Task prompt:
Your job is to give again, exactly and with no additions, the lines in the records below from the one with "Asus PRIME A620M-E-CSM" through the one with "Ripple Junction Historic", both included. Omit the pictures.

───── Excerpted records ─────

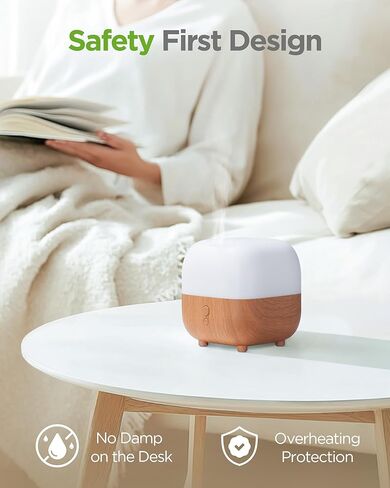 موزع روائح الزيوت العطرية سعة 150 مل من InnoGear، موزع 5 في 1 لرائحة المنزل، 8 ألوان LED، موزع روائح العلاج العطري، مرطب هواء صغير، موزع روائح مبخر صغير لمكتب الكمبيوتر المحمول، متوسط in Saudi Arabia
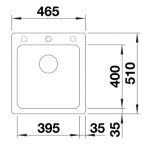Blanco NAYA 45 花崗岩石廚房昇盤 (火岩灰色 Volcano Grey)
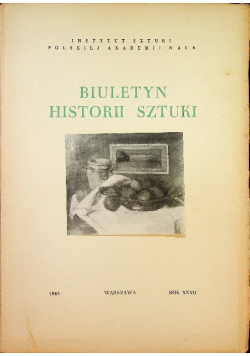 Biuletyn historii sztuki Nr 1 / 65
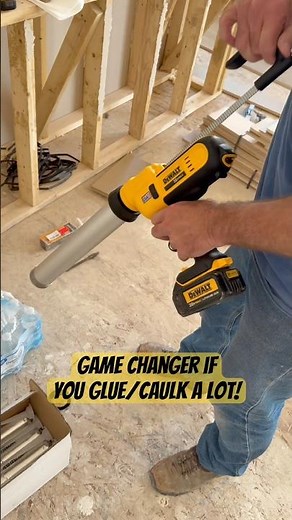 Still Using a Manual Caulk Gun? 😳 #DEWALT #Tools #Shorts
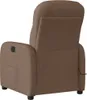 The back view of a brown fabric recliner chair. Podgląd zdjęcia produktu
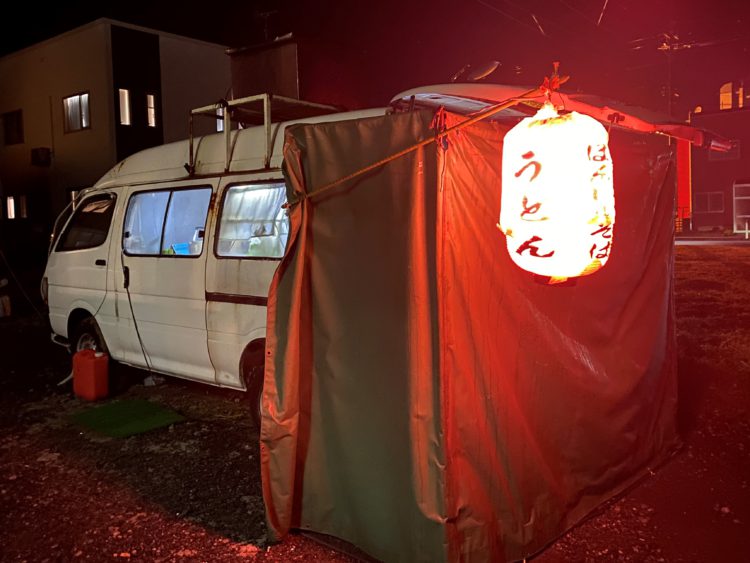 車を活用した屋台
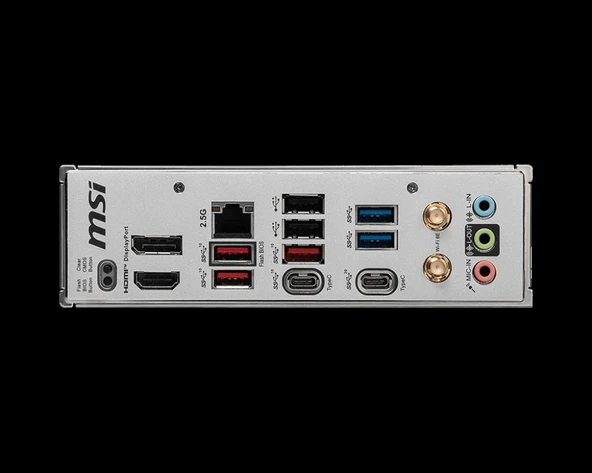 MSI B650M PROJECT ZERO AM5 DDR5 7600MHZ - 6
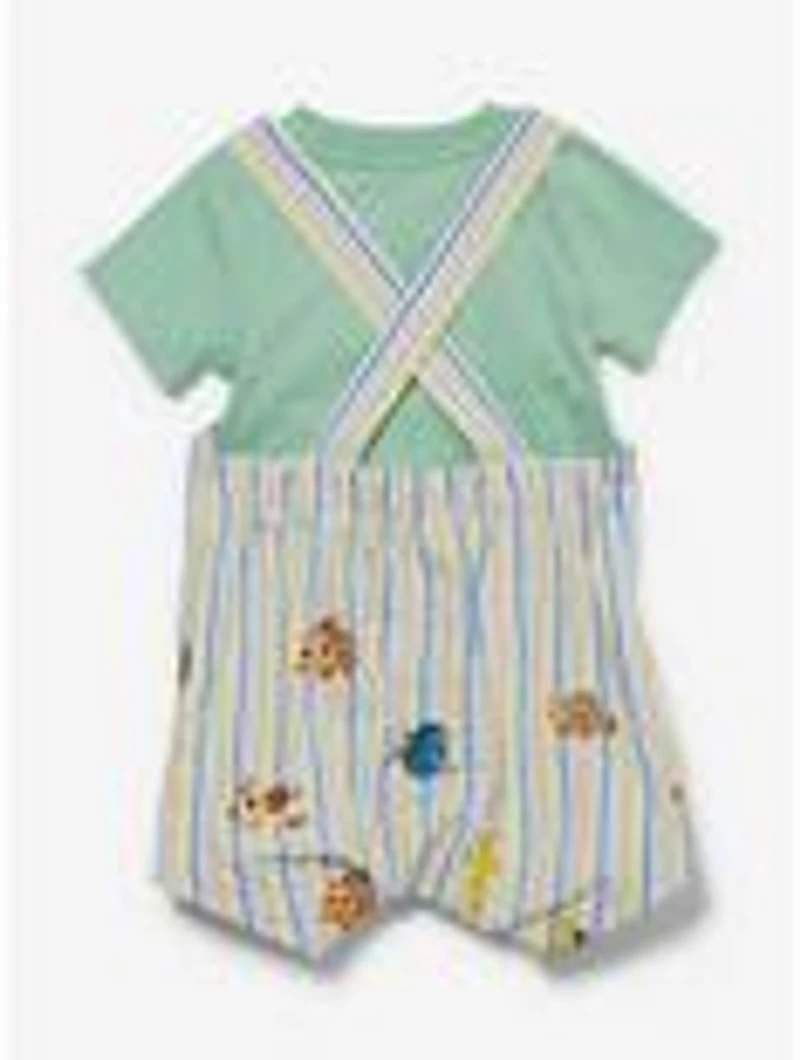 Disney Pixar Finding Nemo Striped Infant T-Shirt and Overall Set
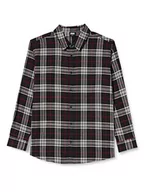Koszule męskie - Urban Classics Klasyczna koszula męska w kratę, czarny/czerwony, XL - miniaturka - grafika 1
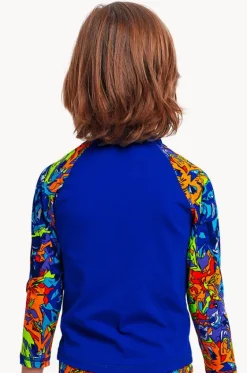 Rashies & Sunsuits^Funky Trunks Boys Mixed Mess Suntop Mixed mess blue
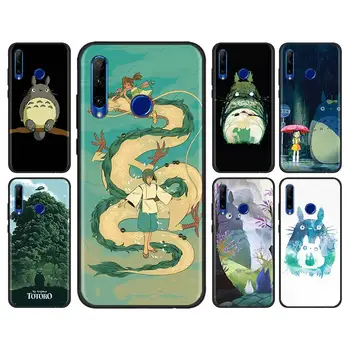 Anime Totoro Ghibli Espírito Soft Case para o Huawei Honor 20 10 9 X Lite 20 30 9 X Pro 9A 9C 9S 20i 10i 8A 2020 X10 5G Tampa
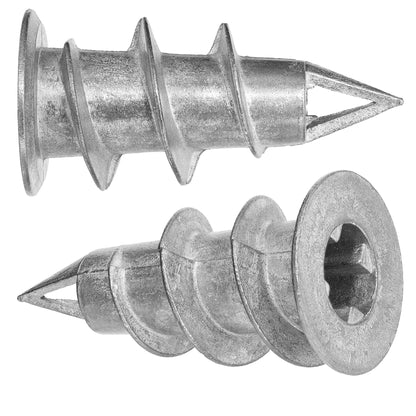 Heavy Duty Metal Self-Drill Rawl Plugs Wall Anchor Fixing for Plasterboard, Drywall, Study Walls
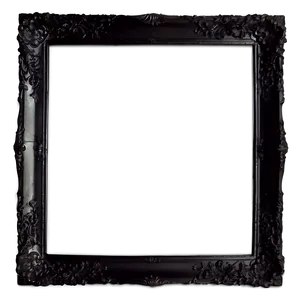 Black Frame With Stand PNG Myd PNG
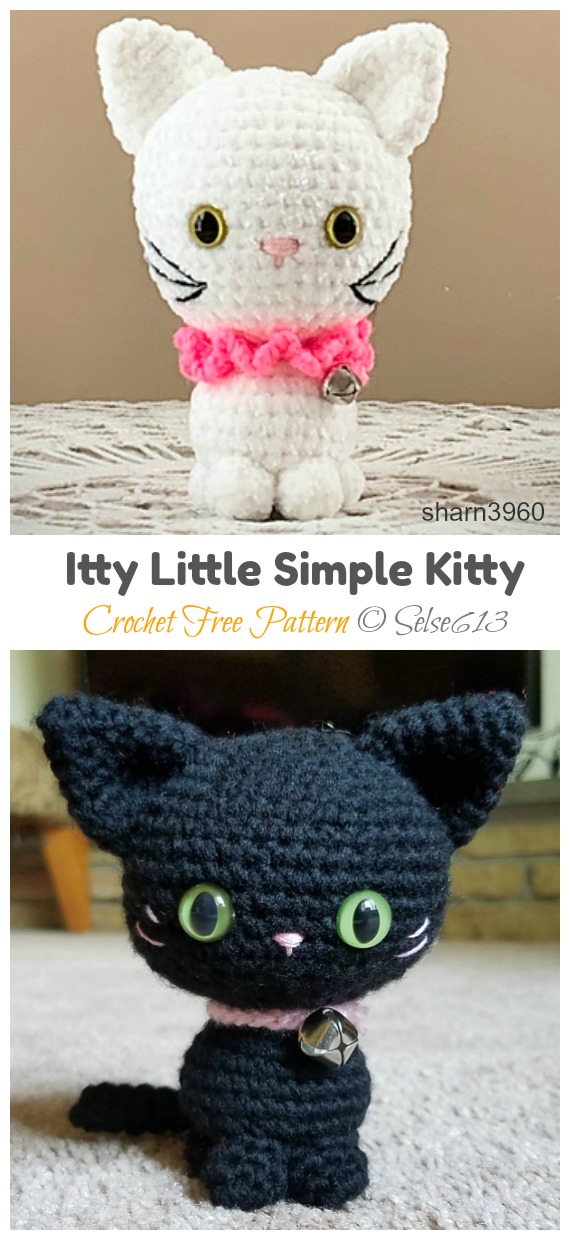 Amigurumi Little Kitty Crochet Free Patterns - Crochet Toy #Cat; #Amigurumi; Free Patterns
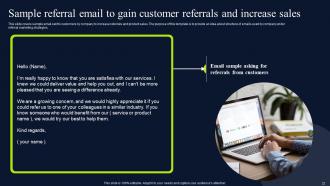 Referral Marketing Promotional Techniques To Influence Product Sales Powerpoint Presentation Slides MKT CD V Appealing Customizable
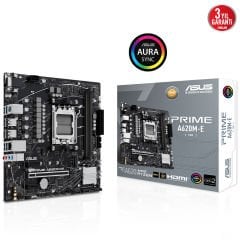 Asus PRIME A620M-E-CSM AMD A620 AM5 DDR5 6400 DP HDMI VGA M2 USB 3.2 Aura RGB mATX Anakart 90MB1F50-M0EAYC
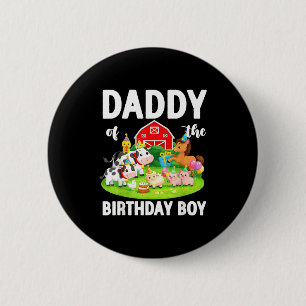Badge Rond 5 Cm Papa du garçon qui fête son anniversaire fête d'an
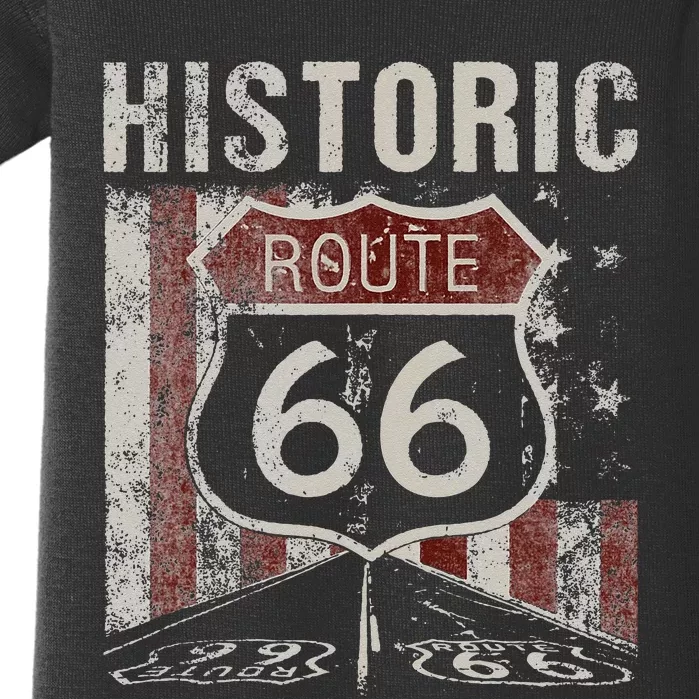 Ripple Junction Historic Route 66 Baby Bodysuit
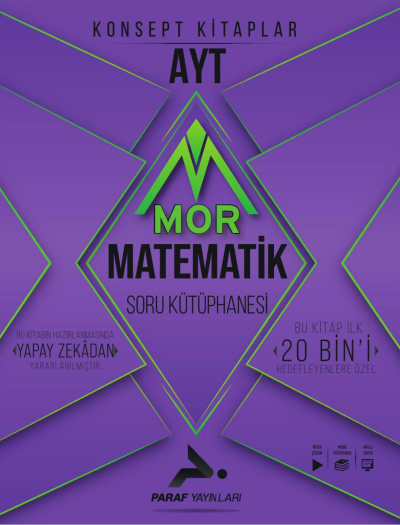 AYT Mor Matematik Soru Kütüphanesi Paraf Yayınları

─────

Exercise output:
 Asus PRIME A620M-E-CSM AMD A620 AM5 DDR5 6400 DP HDMI VGA M2 USB 3.2 Aura RGB mATX Anakart 90MB1F50-M0EAYC
Badge Rond 5 Cm Papa du garçon qui fête son anniversaire fête d'an
 Ripple Junction Historic Route 66 Baby Bodysuit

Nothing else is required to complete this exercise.